▸ **GIVEN INFORMATION**
>>>>

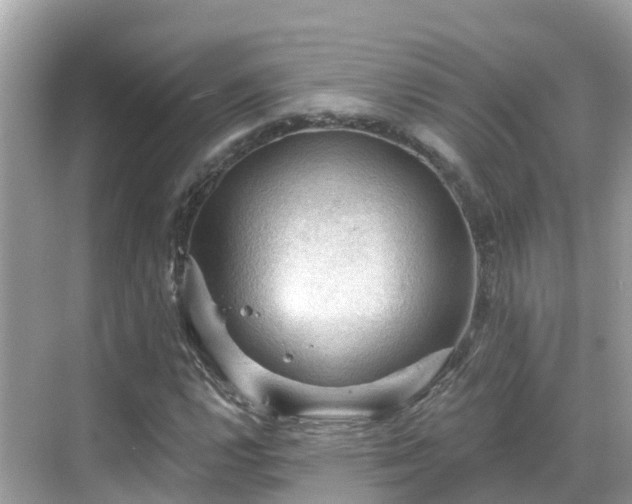 X0000068821112200605081138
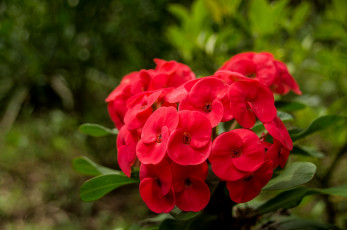 Картинка цветы молочай красный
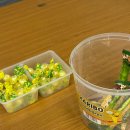 원숙경 | [데코 후기] 인권센터와 함께 하는 재미있는 인권 강의 후기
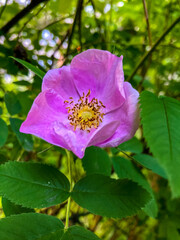 Fototapeta premium Photo of day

<<<<

▸ **EXERCISE DETAILS**
Return the listing above in full and exactly, omitting all pictures.

▸ **EXERCISE OUTPUT**
 X0000068821112200605081138
 Картинка цветы молочай красный
 원숙경 | [데코 후기] 인권센터와 함께 하는 재미있는 인권 강의 후기
 Fototapeta premium Photo of day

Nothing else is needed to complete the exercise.